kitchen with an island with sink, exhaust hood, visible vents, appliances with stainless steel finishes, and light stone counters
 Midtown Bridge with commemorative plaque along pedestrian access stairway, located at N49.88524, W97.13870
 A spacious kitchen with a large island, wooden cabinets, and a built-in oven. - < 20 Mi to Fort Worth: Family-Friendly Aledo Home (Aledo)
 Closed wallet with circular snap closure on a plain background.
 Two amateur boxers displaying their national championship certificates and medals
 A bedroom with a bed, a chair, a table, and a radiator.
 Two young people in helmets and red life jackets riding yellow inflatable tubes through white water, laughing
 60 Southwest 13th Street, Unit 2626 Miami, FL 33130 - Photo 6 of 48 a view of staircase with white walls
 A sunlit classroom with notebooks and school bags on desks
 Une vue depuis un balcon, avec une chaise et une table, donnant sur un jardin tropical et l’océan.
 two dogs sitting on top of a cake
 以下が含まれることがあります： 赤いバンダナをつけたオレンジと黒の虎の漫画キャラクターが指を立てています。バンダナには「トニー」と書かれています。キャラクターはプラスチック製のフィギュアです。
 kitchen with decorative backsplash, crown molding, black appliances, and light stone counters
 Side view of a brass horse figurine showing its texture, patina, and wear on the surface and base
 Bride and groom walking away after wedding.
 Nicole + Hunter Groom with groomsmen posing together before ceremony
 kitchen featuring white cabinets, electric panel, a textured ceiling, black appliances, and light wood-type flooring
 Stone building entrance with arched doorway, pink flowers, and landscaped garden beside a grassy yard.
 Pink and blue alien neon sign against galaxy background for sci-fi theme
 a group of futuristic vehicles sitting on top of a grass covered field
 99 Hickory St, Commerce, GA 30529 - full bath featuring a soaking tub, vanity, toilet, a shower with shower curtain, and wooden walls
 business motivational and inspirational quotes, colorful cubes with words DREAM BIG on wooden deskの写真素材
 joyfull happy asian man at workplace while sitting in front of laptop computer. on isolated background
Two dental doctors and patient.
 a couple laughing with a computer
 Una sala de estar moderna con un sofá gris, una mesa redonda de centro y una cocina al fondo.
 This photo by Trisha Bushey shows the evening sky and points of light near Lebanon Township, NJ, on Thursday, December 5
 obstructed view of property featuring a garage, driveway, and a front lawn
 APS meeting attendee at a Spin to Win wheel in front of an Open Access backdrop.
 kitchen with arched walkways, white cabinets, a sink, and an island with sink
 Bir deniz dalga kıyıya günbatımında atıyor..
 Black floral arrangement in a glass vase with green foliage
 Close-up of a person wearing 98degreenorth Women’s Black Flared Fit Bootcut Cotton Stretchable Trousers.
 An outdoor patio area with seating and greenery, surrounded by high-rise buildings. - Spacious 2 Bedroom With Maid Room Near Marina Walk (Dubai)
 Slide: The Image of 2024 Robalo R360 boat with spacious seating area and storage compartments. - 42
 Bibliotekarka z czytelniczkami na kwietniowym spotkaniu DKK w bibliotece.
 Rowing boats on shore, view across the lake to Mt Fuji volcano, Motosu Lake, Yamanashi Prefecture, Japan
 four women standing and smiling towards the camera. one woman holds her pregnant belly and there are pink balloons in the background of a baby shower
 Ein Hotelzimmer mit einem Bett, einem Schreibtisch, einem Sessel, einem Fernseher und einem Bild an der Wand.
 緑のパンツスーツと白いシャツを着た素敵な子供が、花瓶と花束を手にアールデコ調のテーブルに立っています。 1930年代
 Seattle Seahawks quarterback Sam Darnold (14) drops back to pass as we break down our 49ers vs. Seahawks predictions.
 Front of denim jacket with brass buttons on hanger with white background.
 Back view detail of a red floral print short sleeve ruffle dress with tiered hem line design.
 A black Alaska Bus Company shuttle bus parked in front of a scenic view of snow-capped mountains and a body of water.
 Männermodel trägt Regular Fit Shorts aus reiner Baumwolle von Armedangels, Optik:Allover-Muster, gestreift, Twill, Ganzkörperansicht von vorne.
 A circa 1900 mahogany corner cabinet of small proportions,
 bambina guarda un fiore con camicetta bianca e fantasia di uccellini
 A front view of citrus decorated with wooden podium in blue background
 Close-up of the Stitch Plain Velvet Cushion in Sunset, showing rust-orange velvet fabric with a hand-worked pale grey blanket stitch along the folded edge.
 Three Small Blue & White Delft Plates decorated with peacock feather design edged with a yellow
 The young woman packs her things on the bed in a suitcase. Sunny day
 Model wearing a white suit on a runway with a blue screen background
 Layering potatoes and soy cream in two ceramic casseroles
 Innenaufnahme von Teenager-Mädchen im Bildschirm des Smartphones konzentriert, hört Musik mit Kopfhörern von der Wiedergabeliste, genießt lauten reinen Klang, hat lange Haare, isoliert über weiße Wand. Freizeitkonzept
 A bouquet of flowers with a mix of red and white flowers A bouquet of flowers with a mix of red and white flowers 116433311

_ _ _ _ _

### What needs to be done:
Give back exactly the lines of the listing above that run from the line with "Two dental doctors and patient." to the line with "Black floral arrangement", inclusive.

### Output of the task:
Two dental doctors and patient.
 a couple laughing with a computer
 Una sala de estar moderna con un sofá gris, una mesa redonda de centro y una cocina al fondo.
 This photo by Trisha Bushey shows the evening sky and points of light near Lebanon Township, NJ, on Thursday, December 5
 obstructed view of property featuring a garage, driveway, and a front lawn
 APS meeting attendee at a Spin to Win wheel in front of an Open Access backdrop.
 kitchen with arched walkways, white cabinets, a sink, and an island with sink
 Bir deniz dalga kıyıya günbatımında atıyor..
 Black floral arrangement in a glass vase with green foliage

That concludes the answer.